#### WHAT IS NEEDED
Please return, exactly and only, the lines beginning at the top of the entries below and ending with the line containing "Art for Seasons"; keep out the pictures.

+ + +

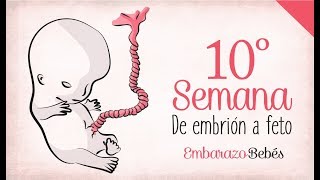 SEMANA 10 de Embarazo  3º Mes  Semana a semana [upl. by Spanos]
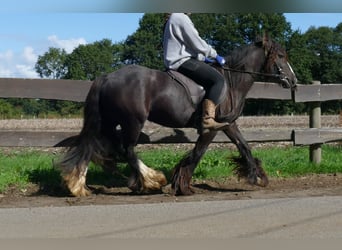 Tinker, Merrie, 3 Jaar, 134 cm, Bruin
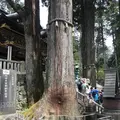 三峯神社の写真_318809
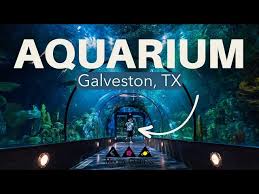 moody gardens aquarium in galveston tx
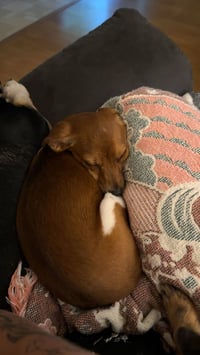Brinley (F) - Photo 3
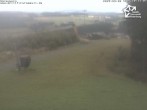 Archiv Foto Webcam Winterberg: Sesselbahn Sürenberg 09:00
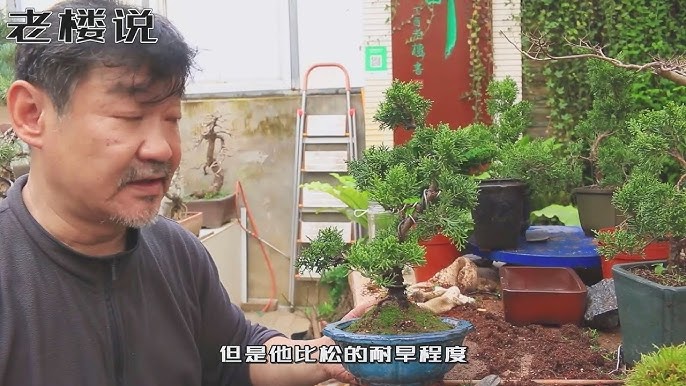3億華麗盆景爭鋒 真柏 獲首獎 Youtube 3億華麗盆景爭鋒 真柏 獲首獎 Youtube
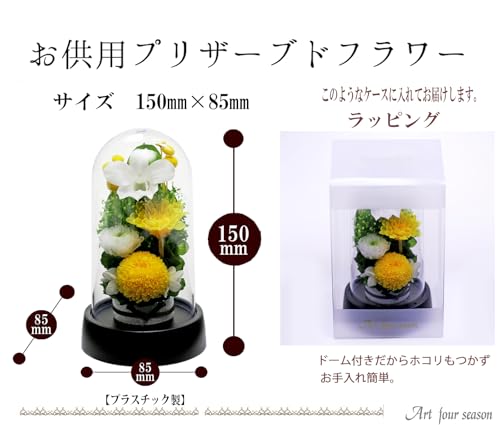 Art for Seasons Mini Mum Mini Dome Yellow Preserved Flowers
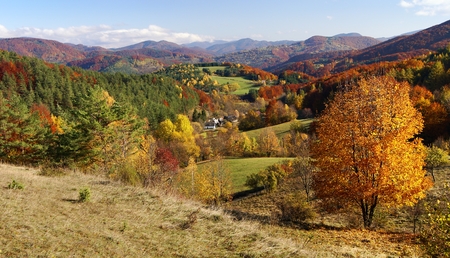 autumnal view of strazov mount in strazovske vrchy - strazov highlands slovakia europeの写真素材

+ + +

#### ANSWER TO THIS EXERCISE
 SEMANA 10 de Embarazo  3º Mes  Semana a semana [upl. by Spanos]
 Tinker, Merrie, 3 Jaar, 134 cm, Bruin
 三峯神社の写真_318809
 moody gardens aquarium in galveston tx
Brinley (F) - Photo 3
 Archiv Foto Webcam Winterberg: Sesselbahn Sürenberg 09:00
3億華麗盆景爭鋒 真柏 獲首獎 Youtube 3億華麗盆景爭鋒 真柏 獲首獎 Youtube
 Art for Seasons Mini Mum Mini Dome Yellow Preserved Flowers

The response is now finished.